(Requirement) Your answer must be only the lines below from the one containing "Naturophatica FatBlaster Keto" through the one containing "Spoiler Esquerdo Audi", copied exactly, with the pictures left out.

(Exercise inputs)

○ ○ ○

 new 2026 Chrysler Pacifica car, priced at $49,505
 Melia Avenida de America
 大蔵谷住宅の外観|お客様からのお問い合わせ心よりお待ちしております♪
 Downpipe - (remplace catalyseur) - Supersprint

○ ○ ○

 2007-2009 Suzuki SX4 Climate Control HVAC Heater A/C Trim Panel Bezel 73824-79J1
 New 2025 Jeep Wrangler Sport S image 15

○ ○ ○

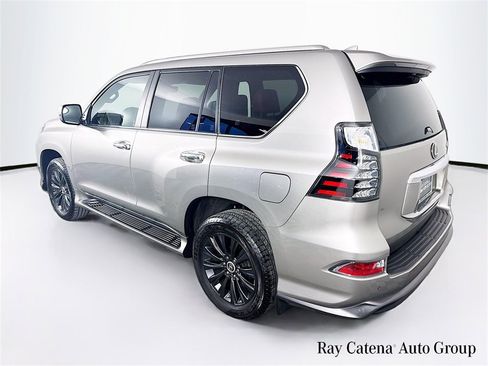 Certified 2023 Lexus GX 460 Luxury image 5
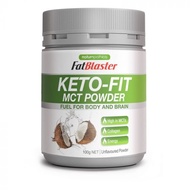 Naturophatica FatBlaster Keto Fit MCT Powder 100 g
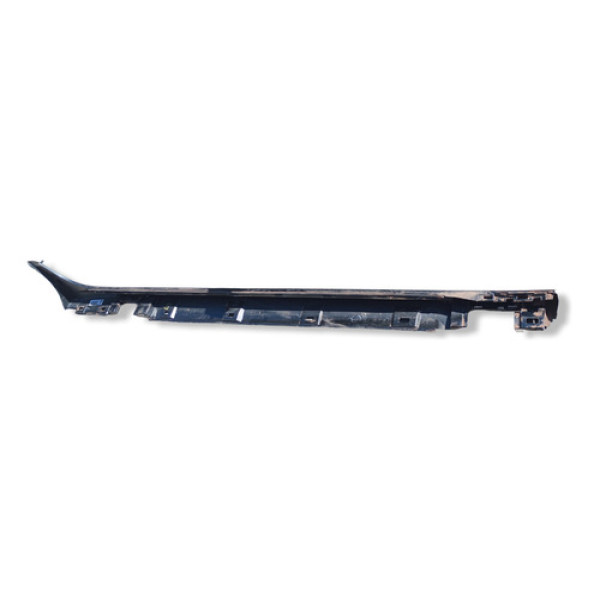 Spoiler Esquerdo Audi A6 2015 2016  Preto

○ ○ ○

(Answer area)
 Naturophatica FatBlaster Keto Fit MCT Powder 100 g
 Spoiler Esquerdo Audi A6 2015 2016  Preto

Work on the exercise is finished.